Touted as a potential Footballer of the Year before the weekend, McManamon delivered a subdued display and was the first voluntary substitution.
Only Paddy Andrews, who was their top scorer from play with two points after his introduction, made any impact in a misfiring forward division.
The rampaging Flynn of two years ago is a distant memory, while Brogan, one of the great scoring forwards of his or any generation, has hit just two points in his last three games and has been called ashore early on two occasions.
We've been expecting them to explode into the season but it hasn't materialised yet.
And you can only wait so long before missing the boat. Dublin's much lauded panel needs to be put to good use, and one or two of Eoghan O'Gara, Paul Mannion, Cormac Costello and possible bolter Con O'Callaghan should be parachuted into the fray.
No, says Donnchadh Boyle
Given some of the analysis of Dublin since Sunday, it’s hard to believe that only last week we were talking about where this side would stand in the pantheon of great teams if they were to win the All-Ireland title this year.
Lifting Sam Maguire would make it four titles in six years for Dublin, a record that would stand proudly against almost every other team in the history of the game.
For some, retaining the All-Ireland title was the last step Dublin needed to take to secure their place amongst the immortals.
For others, like Kerry legend Tomás Ó Sé, this is already the greatest Dublin team of all time, regardless of whether they get the job done on Saturday week. Their form in league and championship has been enough to convince him of their bona fides in that regard.
That is where the discourse surrounding this Dublin team was at before throw-in on Sunday. There were no major calls for changes to the side Jim Gavin was picking. So 70 minutes shouldn’t change that dramatically.
Their dominance is plain for all to see through cold hard numbers.
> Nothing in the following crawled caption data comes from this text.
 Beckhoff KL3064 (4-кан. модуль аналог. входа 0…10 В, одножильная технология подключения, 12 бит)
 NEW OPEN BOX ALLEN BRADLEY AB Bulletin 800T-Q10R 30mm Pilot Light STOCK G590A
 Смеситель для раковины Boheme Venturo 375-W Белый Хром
This is the team that had gone 27 games unbeaten across league and championship. Last Sunday that figure clicked on to 28.
This is also the team that had come from five points down to outscore Kerry by 0-13 to 0-6 in the second half of an All-Ireland semi-final.
That was another display of their power and arguably the summit of what they have achieved to date, given the absence of Footballer of the Year Jack McCaffrey and All-Star full-back Rory O’Carroll along with the deficit they carried into half-time.
There were other factors to consider too. The dismissal of James McCarthy upset the team early on and saw changes ripple through the side.
And after one poor show in difficult conditions against a Mayo side who have proven themselves to be one of the most hardened, competitive and streetwise teams around, there’s a call for a team to be overhauled? It sounds like revisionism gone mad.
There will be tweaks, of course. Gavin wouldn’t hold the reputation he does if he didn’t explore every possible avenue he could in order for Dublin to improve. And the nature of team sports means that individuals will come into and go out of form.
The challenge presented by opposition will determine what approach needs to be taken into account too. And Dublin will have learned much from last Sunday.
It’s true the likes of Bernard Brogan and Paul Flynn haven’t met their own high standards and may come under pressure this week, especially considering the talent Gavin is holding in reserve. Paddy Andrews made a strong claim on Sunday. Paul Mannion too.
But to suggest an overhaul of one of the most dominant teams the game has ever seen is quite simply premature.
This Dublin team and its individual parts have enough credit in the bank to remain largely intact for the replay. There is at least one more kick in them. And who is to say what is left in the tank after that?